Information supplied
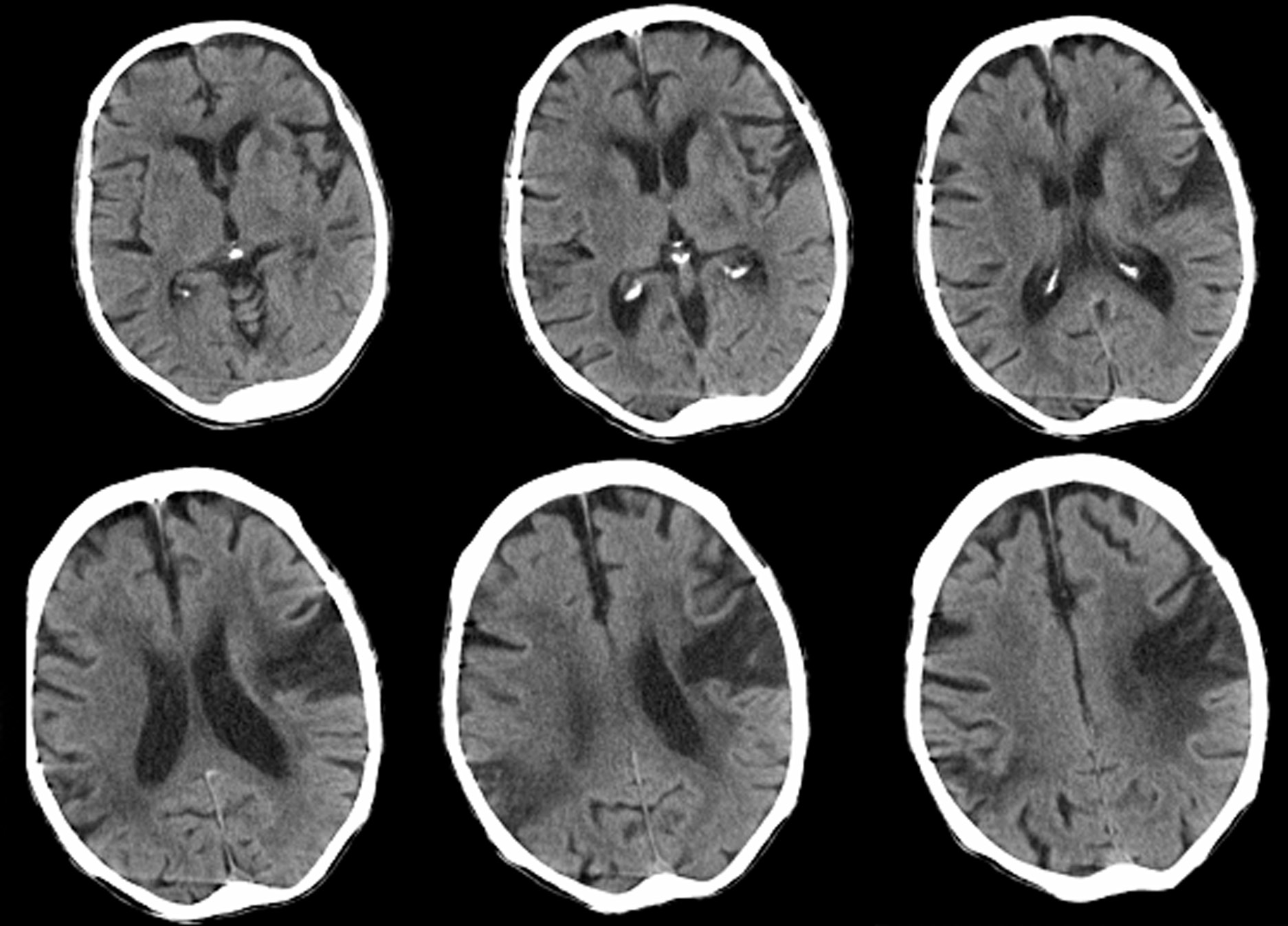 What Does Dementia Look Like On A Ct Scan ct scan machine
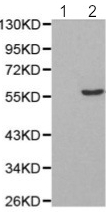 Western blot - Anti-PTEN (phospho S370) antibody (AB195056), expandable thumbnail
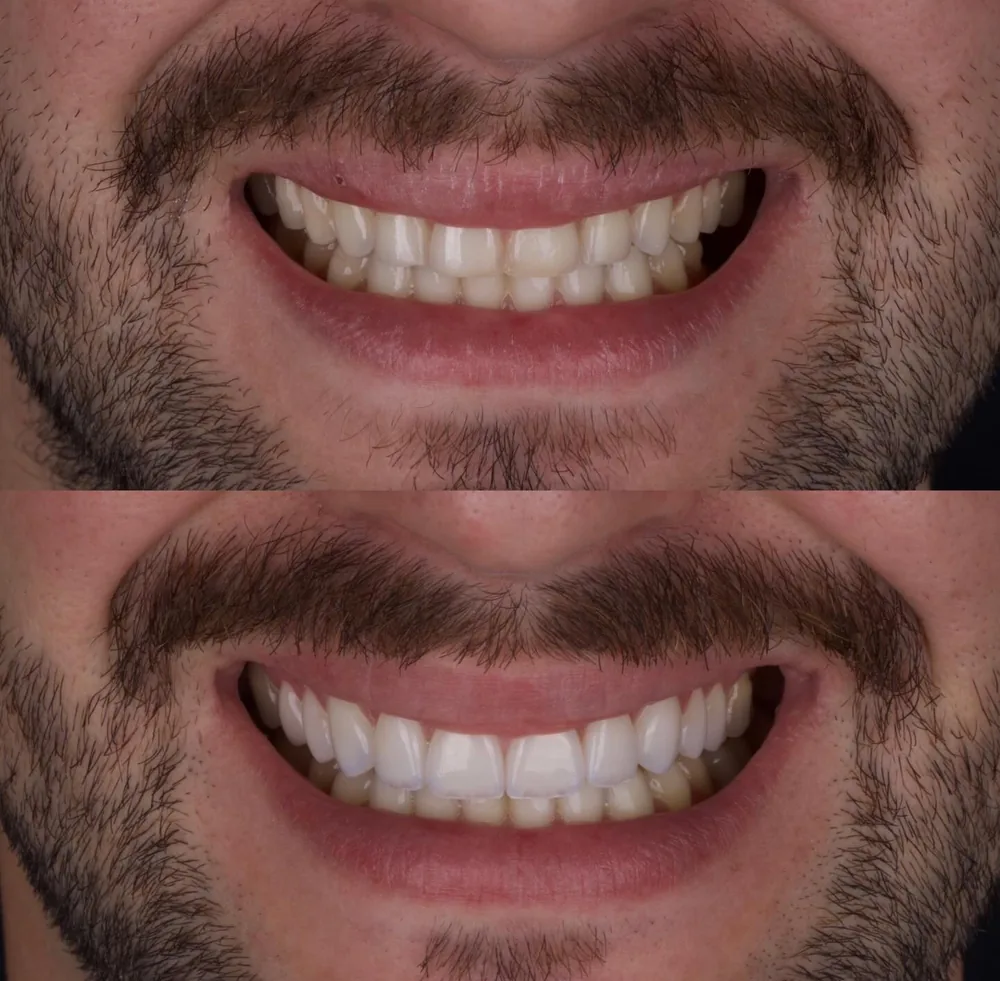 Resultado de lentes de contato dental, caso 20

Problem to work on
Copy out all of the listing word for word, but skip the images.

Response to this task
 What Does Dementia Look Like On A Ct Scan ct scan machine
 Western blot - Anti-PTEN (phospho S370) antibody (AB195056), expandable thumbnail
 Resultado de lentes de contato dental, caso 20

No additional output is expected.